The VIX—1Day closed yesterday around 14, and given the importance of the job report on Friday, I would be shocked if it doesn’t climb to 20 or higher today.
Whether the market sells off today depends entirely on whether the VIX Index rises.
If it goes up, along with the VIX 1-day, the market will sell off sharply one day. If the VIX 1-day goes up, and the VIX 30 is down or flat, the market probably does nothing.
The one apparent thing is that the top of the book continues to be a problem for the market and is very thin.
This just means it is much easier for the market to move around, and without the JPM Collar to hold things together, we are seeing bigger price swings throughout the day.
The S&P 500 index opened lower by 60 bps yesterday, finishing the day flat.
Volume yesterday was also 20% below the 20-day average.
Overall, the volume of S&P 500 futures was also much lower than yesterday, when the sellers were out in force.
Also, gamma levels are significantly reduced and basically at zero. That positive gamma mean-reverting force that had been in place for two weeks is gone.

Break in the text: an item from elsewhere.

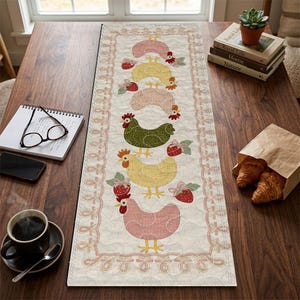 May include: A cream-colored quilted table runner featuring a repeating pattern of colorful chickens and strawberries. The chickens are in shades of pink, yellow, and green, with red combs and beaks. The runner is bordered with a pink lace design.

When you put all of the pieces together, yesterday’s price action tells you that the sellers were mainly absent. Even on a day when the sellers were mainly absent, the bulls could do little to lift the market, even in an environment where sweeping the top book could probably easily push it higher. All the sellers have to do is show up, and if they show up, I think there is little to hold this market up at this point. It is too thin, and buyers look tired.
The most bullish thing right now is the gap left open from yesterday’s opening. With a potential diamond bottom, that gap could be filled sooner rather than later.
But if implied volatility is bid today, then that gap may have to wait until after the job report comes on Friday, or it may not be filled anytime soon at all.